To probe the possible existence of Fe(II)-haloarene interactions, we collaborated with Prof. Patrick Holland (University of Rochester) to synthesize Fe(II) ortho-chlorophenolate model complexes. A Holland Lab graduate student synthesized several a novel chelating triimine ligands based on the cis,cis-1,3,5-triaminocyclohexane (TACH) backbone, TACH-o-tol, and showed that it yielded the desired 1:1 Fe(II)(TACH-o-tol) complex upon addition of Fe(II).
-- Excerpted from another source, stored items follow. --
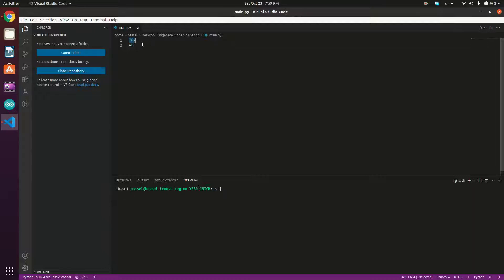To get a better understanding of how it works, let's take an example. Let's assume that our message is 'toy' and our key is 'ABC'. The algorithm determines the position of each letter of the message in the alphabet, along with the position of each letter of the key. Then we add each corresponding message letter and key letter to get our cipher letter. Here, 'A' is position zero, 'B' is position one, and 'C' is position two, using zero-based counting.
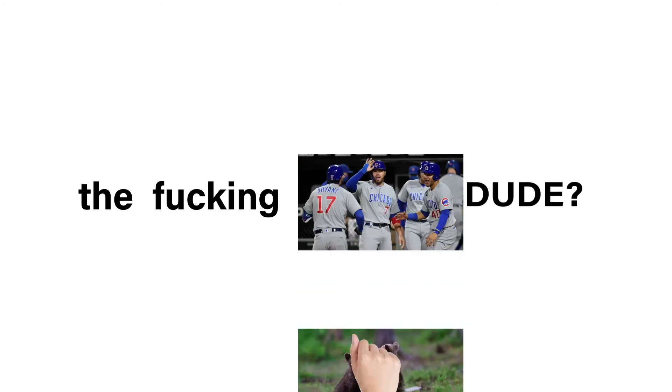The Cubs, dude. Hell no. Like getting paid not a lot of money for working. Hell no.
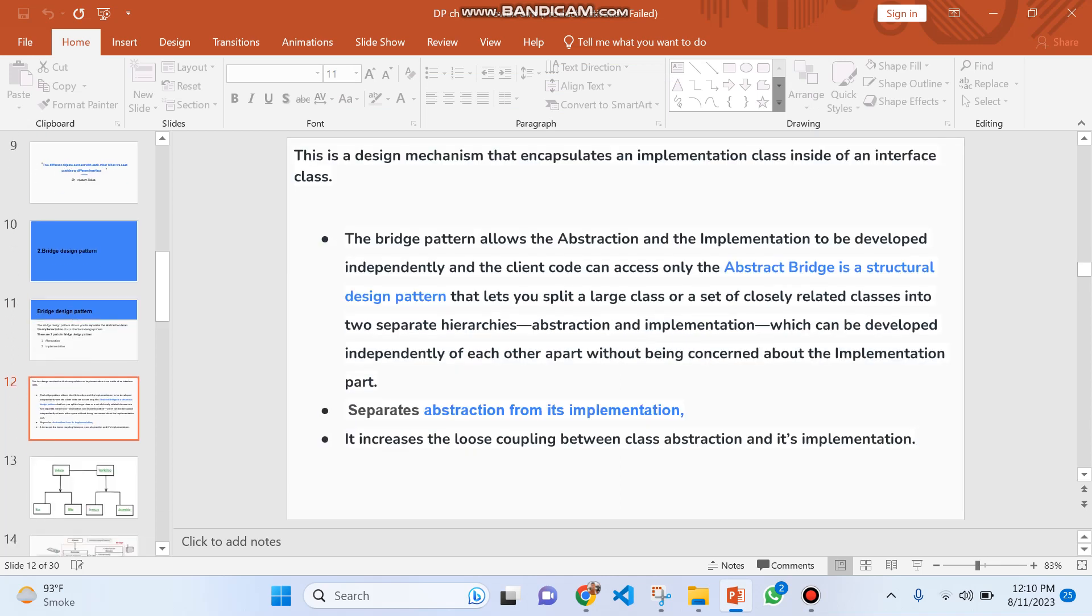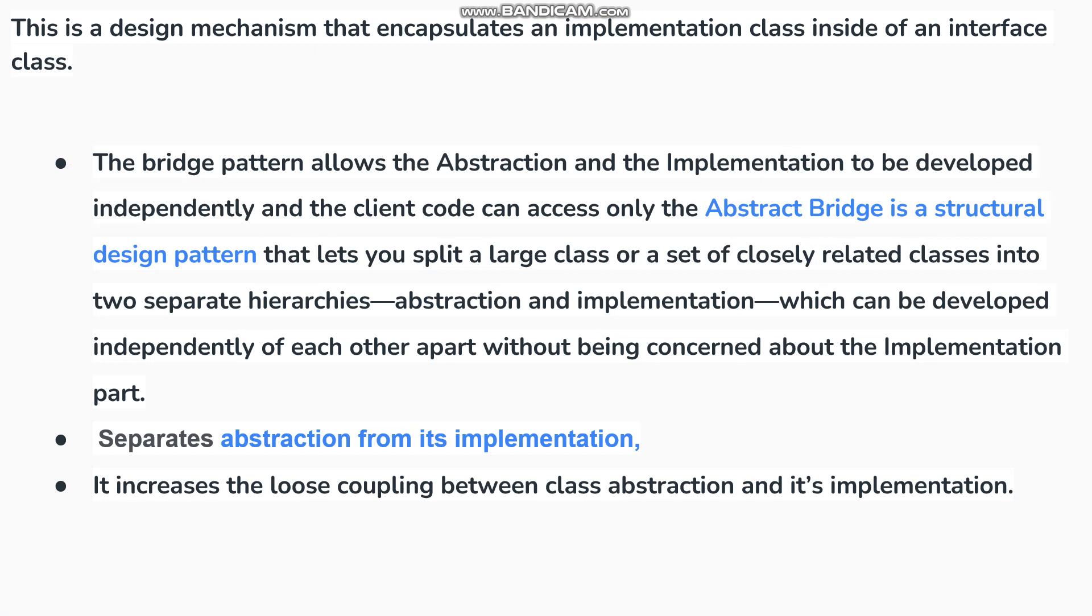This is a structural mechanism that encapsulates an implementation class inside an interface class. The Bridge Pattern allows the Abstraction and Implementation to be developed independently, and the client code can access only the Abstract Bridge. It is a Structural Pattern that lets you split a large class or set of closely related classes into separate hierarchies.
The ¹H NMR spectra showed the formation of the desired phenolate complexes upon addition of several different substituted phenols as well as 2-Me-HQ to the Fe(II)(TACH-o-tol) complex. Crystal structures were obtained for the [Fe(II)(TACH-o-tol)(2-chlorophenolate)]OTf and [Fe(II)(TACH-o-tol)(2,6-dichloro-phenolate)]OTf complexes. These structures show a distorted trigonal bipyramidal coordination geometry, in which the chloro group and one of the nitrogens are in the axial positions, with Cl-Fe-N bond angles of 168° and 167°/164° for the 2-chlorophenolate and 2,6-di-chlorophenolate complexes, respectively (the latter has two nonequivalent molecules per unit cell). The Fe-Cl distances are 2.942 Å and 2.988/2.980 Å, respectively, for the two complexes. For comparison, the average Fe(II)-chloride bond distances are 2.301 Å and 2.348 Å for four- and six-coordinate complexes, respectively, and the sum of the van der Waals radii for Fe and Cl is 3.75 Å. These Fe-Cl distances are suggestive of formation of an Fe(II)-Cl secondary bond. Very recently, the crystal structure was obtained for the [Fe(II)(TACH-o-tol)(2-methylphenolate)]OTf, which showed the methyl group pointed away from the Fe(II), in contrast to the 2-chloro- and 2,6-dichlorphenolate complexes.  The structures of these complexes will serve as a useful basis for comparison when we investigate the nature of the substrate binding mode in PcpA and LinE. A draft of a manuscript of this work has been completed.